[WORK TASK]: Quote exactly the lines spanning from the top of the data below to the line that contains "Local comercial en", including both.
#####
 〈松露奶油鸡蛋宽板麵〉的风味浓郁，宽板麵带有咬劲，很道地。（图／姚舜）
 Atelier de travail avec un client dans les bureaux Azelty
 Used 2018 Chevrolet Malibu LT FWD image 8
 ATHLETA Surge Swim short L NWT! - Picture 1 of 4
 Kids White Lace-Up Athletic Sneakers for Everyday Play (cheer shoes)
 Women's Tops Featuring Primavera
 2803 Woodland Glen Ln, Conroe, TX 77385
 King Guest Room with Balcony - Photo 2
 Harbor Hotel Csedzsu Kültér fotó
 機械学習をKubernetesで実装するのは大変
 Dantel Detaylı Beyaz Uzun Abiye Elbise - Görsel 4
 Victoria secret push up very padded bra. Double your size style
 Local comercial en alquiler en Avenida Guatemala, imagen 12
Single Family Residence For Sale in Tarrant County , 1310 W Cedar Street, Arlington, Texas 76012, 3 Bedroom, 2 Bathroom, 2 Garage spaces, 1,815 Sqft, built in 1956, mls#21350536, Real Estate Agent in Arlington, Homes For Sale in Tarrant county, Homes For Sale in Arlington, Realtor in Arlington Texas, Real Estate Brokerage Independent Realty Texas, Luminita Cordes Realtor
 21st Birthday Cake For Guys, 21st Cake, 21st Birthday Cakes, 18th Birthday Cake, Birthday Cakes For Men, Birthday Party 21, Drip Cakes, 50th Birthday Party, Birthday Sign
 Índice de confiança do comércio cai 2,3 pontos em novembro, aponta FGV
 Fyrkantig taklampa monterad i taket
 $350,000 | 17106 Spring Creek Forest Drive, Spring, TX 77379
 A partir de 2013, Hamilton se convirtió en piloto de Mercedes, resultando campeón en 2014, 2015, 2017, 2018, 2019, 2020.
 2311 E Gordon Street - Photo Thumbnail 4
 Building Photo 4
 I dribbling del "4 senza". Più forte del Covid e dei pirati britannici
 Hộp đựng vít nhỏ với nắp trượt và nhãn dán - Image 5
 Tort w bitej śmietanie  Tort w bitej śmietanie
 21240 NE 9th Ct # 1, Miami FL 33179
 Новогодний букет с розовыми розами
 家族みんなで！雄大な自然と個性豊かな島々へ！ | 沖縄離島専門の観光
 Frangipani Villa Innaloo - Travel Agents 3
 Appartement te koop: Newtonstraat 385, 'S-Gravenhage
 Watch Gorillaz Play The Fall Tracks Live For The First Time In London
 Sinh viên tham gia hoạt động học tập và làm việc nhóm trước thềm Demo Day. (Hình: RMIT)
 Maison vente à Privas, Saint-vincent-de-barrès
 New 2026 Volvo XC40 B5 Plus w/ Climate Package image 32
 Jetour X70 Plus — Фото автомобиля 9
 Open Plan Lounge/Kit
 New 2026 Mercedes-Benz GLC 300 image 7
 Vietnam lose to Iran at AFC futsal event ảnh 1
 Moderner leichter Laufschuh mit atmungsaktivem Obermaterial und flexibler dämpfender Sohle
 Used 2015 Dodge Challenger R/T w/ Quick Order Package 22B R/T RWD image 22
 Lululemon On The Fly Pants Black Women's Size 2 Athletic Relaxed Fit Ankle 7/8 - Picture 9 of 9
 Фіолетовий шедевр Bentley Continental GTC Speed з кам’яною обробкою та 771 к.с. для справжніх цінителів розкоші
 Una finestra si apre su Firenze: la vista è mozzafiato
#####
[TASK SOLUTION]:
 〈松露奶油鸡蛋宽板麵〉的风味浓郁，宽板麵带有咬劲，很道地。（图／姚舜）
 Atelier de travail avec un client dans les bureaux Azelty
 Used 2018 Chevrolet Malibu LT FWD image 8
 ATHLETA Surge Swim short L NWT! - Picture 1 of 4
 Kids White Lace-Up Athletic Sneakers for Everyday Play (cheer shoes)
 Women's Tops Featuring Primavera
 2803 Woodland Glen Ln, Conroe, TX 77385
 King Guest Room with Balcony - Photo 2
 Harbor Hotel Csedzsu Kültér fotó
 機械学習をKubernetesで実装するのは大変
 Dantel Detaylı Beyaz Uzun Abiye Elbise - Görsel 4
 Victoria secret push up very padded bra. Double your size style
 Local comercial en alquiler en Avenida Guatemala, imagen 12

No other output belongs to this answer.